Led by Crédit Agricole Immobilier and designed by VLAU and COVE Architectes in partnership, the project encompasses 3,150 m² of treated floor area, including 850 m² of newly created space and 494 m² demolished, for a construction cost of €10,113,000 excluding VAT. It has been awarded the BBC Rénovation label.
Context and Challenges
The original building, constructed in the 1970s, sits set back from the street within the residential fabric of Neuilly-sur-Seine. With a façade considered architecturally poor, it had already undergone an initial renovation in 1996, carried out by architect Marie-Odile Foucras, to improve its thermal and acoustic performance. Yet its commercial-office character and its setback from the street, which left a low-quality urban void, remained unchanged.
The current commission arose from a twofold ambition: to fill this neglected space, reconcile the building with its residential surroundings, and bring it up to contemporary standards of performance and comfort.
The project is part of a broader inquiry into the obsolescence of 20th-century commercial building stock.
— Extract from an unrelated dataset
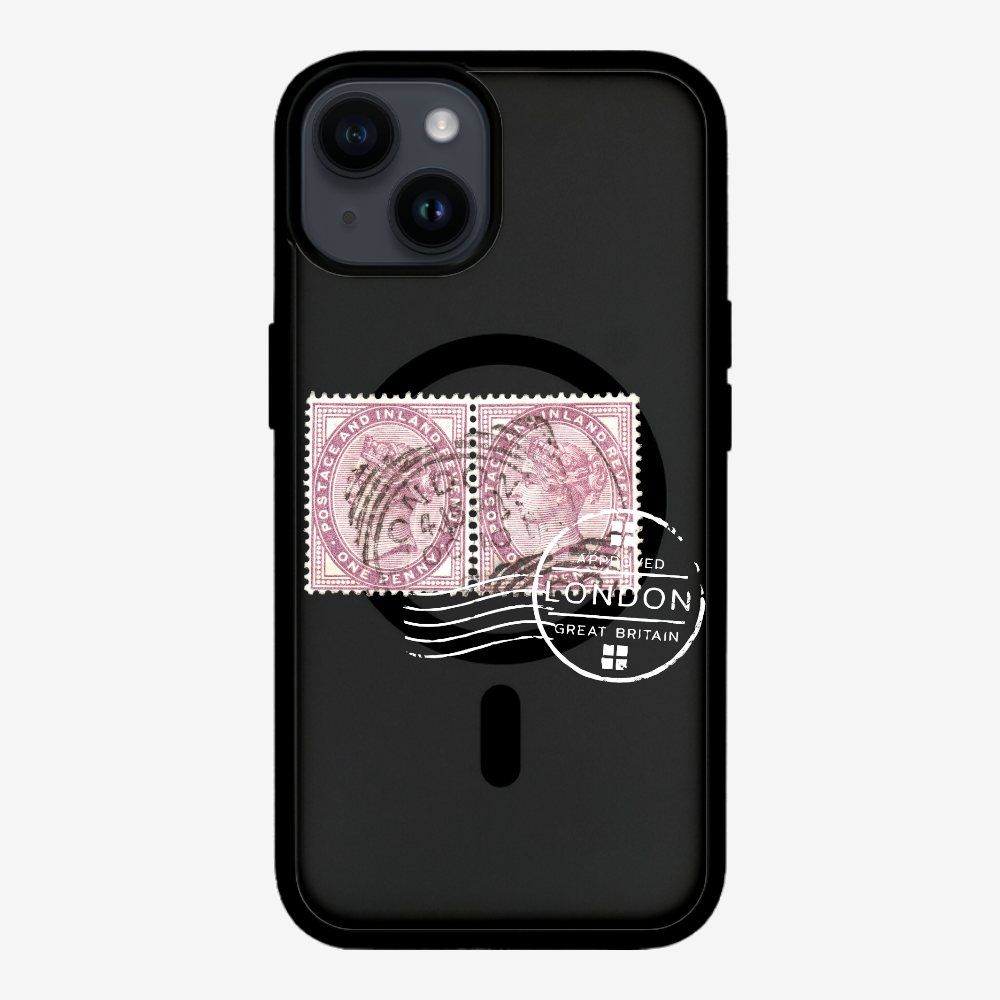 London Stamp Phone Case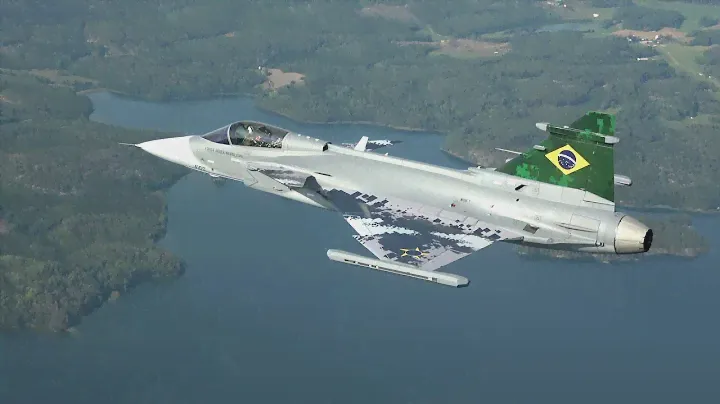 First Brazilian Gripen E completes its first flight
Faced with the climate emergency and the need to limit demolition-and-rebuild cycles, it offers an alternative: architectural resilience through densification and transformation.
Architectural Concept: Three Strategies for the 21st Century
Densify: The Inhabited Street Setback
The first intervention consists of eliminating the urban void by constructing a horizontal extension across the full height of the existing building, up to the sixth floor. This addition creates a new continuous street frontage, fully conceals the gable wall of the neighbouring building, and generates 850 m² of additional floor space. Densification is achieved without any new land footprint, reclaiming a residual space.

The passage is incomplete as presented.